Cosa ci dice la normativa di riferimento al riguardo:

Il Testo Unico sulla salute e sicurezza dei lavoratori (D.Lgs.81/08) ci indica tra gli obblighi che:

IL DATORE DI LAVORO (DDL) Deve valutare “tutti i rischi per la sicurezza e la salute dei lavoratori”, compresi quelli riguardanti “gruppi di lavoratori esposti a rischi particolari” e quindi anche al rischio di danni da calore tipico delle attività lavorative svolte in ambiente aperto nei periodi di grande caldo estivo.

– Tale valutazione deve tener conto anche dei rischi collegati alle differenze di genere, all’età, alla provenienza da altri paesi.

– Programmare misure di prevenzione che integrino le condizioni tecniche produttive dell’azienda nonché l’influenza dei fattori dell’ambiente (come temperatura ed umidità dell’aria) e dell’organizzazione del lavoro.

– Fornisce ai lavoratori i necessari e idonei dispositivi di protezione individuale (DPI).

– Garantisce ai lavoratori sufficiente ed adeguata informazione e formazione in materia di salute e sicurezza, (attraverso i corsi di 4h “formazione generale” e 12h “formazione specifica” fatti dal RSPP formatore autorizzato con l’aiuto del Medico competente dove previsto e regolamentato “dall’Articolo 37 – Formazione dei lavoratori e dei loro rappresentanti del D.Lgs.81/08”).

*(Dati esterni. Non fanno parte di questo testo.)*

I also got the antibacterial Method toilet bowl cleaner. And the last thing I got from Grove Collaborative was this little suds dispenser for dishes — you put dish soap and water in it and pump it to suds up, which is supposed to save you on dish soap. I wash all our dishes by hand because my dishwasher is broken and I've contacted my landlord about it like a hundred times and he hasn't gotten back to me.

– Dove riguarda i lavoratori immigrati, essa avviene previa verifica della comprensione della lingua utilizzata nel percorso formativo.

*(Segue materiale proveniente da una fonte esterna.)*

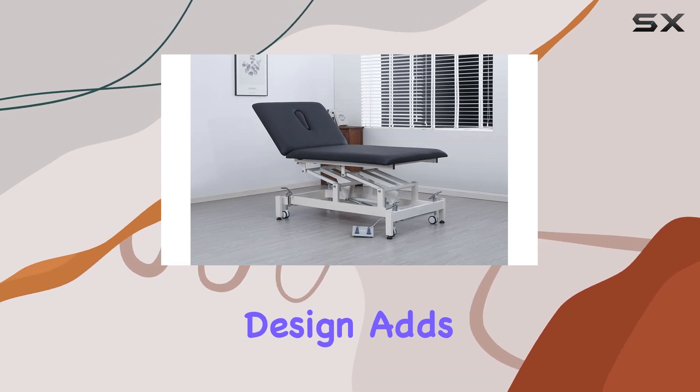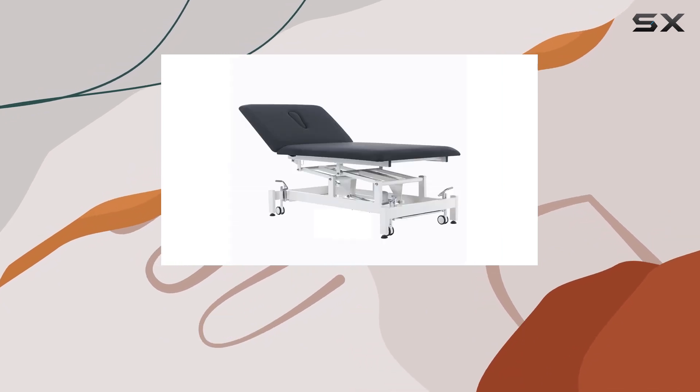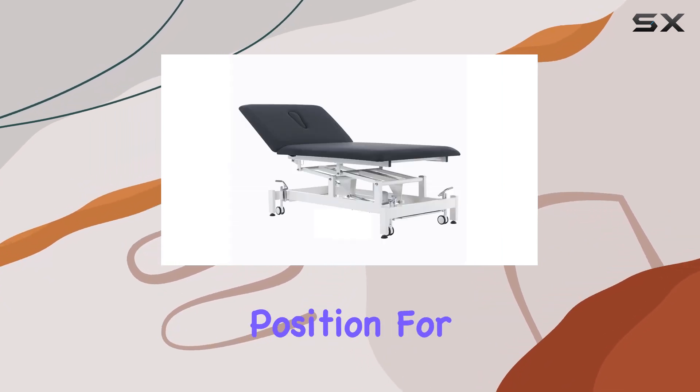The two-section design adds versatility, especially with the adjustable backrests ranging from 0 to 85 degrees, ensuring patients find the optimal position for their therapy.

– Verifica se i propri lavoratori (dipendenti e/o volontari) aderiscono al Ramadan, soprattutto se affetti da patologie croniche come il Diabete, ecc.

– Sottopone i lavoratori a “controllo sanitario”, inviandoli dal medico competente (MC), conosciuto

anche come ex medico del lavoro.

Oggi il Medico Competente interviene direttamente nell’attuazione del servizio di prevenzione e protezione (SPP), al fianco del datore di Lavoro (DDL) e del protezione (RSPP), per la valutazione dei rischi al lavoratore e/o volontario, e alla stesura del (DVR) responsabile del servizio di prevenzione e documento valutazione dei rischi.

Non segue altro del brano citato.